Oddly enough, the citizen journalists who write these pieces never seem to cite any sources for their helpful information about battery life. What do the people who work for automakers who’ve actually been selling EVs have to say about the issue?
Well, as
Nissan’s UK Marketing Director Nic Thomas recently told Forbes, “Almost all of the [EV] batteries we’ve ever made are still in cars, and we’ve been selling electric cars for 12 years.”
The much-predicted glut of obsolete EV batteries has not materialized, despite the fervent hopes of the anti-EV crowd. As Carlton Reid explains in a recent Forbes article, unlike phones or laptops,
EVs have sophisticated battery management systems (BMS) that are designed to maximize battery life.
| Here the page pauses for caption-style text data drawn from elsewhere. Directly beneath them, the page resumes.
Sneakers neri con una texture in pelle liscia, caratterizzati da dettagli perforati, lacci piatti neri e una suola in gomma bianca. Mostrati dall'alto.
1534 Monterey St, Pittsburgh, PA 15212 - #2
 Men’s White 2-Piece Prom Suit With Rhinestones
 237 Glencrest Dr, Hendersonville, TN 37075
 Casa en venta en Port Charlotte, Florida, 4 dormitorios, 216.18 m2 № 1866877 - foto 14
In the US, automotive battery packs are warranted against failure for 8 years or 100,000 miles by federal law, and industry experts expect most battery packs to last much longer than that. (Battery failure and battery degradation are two different things—all batteries lose capacity over time, and some drivers may find the gradual reduction in range unsatisfactory.)
“We haven’t got a great big stock of batteries that we can convert into something else,” said Thomas. “It’s the complete opposite of what people feared when we first launched EVs—that the batteries would only last a short time.”
Many EV batteries may outlast their vehicles, then enjoy a second life in a stationary storage application before finally being recycled. “At the end of the vehicle’s life—15 or 20 years down the road—you take the battery out of the car, and it’s still healthy, with perhaps 60 or 70% of usable charge.”